If I throw aside the consistent nagging need for everything to work in harmony, all at once, I realize that I’m already in the a space that allows me to enjoy my life – that just happens to be on the fifty yard line, or the middle of the field for the soccer fans. This simple rule encompasses all of life’s simple clichés. Loving life is all about attitude, not altitude – Happiness is an inside job, Life is a journey not a destination, etcetera, etcetera, so on, and so forth.
With that in mind, ever since I started exercising all those years ago, I’ve always wondered if I would get to a point where I could look in the mirror, butt naked and say, that’s it – you’re there. Finally. I imagine if I did the P90X workout for the full 90 days I’d be at a resounding yes – but for now when I looked in the mirror this morning it was “Damn, that’s good enough for government work” – and that’s a first. I’m actually really fired up – I look pretty awesome, if I do say so myself.

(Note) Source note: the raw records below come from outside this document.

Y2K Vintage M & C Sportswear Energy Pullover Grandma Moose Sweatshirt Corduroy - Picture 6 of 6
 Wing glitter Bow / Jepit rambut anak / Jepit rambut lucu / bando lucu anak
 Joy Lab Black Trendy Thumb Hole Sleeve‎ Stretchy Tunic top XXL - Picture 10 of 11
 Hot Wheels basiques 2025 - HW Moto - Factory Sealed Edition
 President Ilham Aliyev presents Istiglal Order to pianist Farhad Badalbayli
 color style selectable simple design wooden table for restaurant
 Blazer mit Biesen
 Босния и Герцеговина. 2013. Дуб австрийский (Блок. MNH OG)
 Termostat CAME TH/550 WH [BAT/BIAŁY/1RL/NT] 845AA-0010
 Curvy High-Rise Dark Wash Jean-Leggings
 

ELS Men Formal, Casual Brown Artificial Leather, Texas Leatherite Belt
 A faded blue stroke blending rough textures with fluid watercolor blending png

Now it’s time to figure out how I can add in a couple of bicycle commutes to the office this summer – I’m guessing that because I can’t ride down the expressway (which leads straight to my office “as the crow flies”) I’m looking at a 45-50 mile commute, one way. I stated the other day that this would be impossible to do both ways, every day because it would just take too much time – but I thought of a way around that this morning. If I put my bike in the back and drive down to the office, I can leave an hour early and still make it home by 5:30. In the summer time, with daybreak at 6:00, I’ll be able to make it to the office by 8:30 the next day and I could leave my truck in the warehouse overnight – I’d have to put in a few early morning hours to compensate, but I think I might be able to make it work. Now that would be huge for my 70.3 preparation.
UPDATE: Google Maps is sweet… I’ve got the perfect back road ride – and it’s only 40 miles… I can do that in maybe 2 hours and 15 minutes giving 15 minutes for stop lights and stop signs. Now all I have to do is drive it to make sure it’s safe.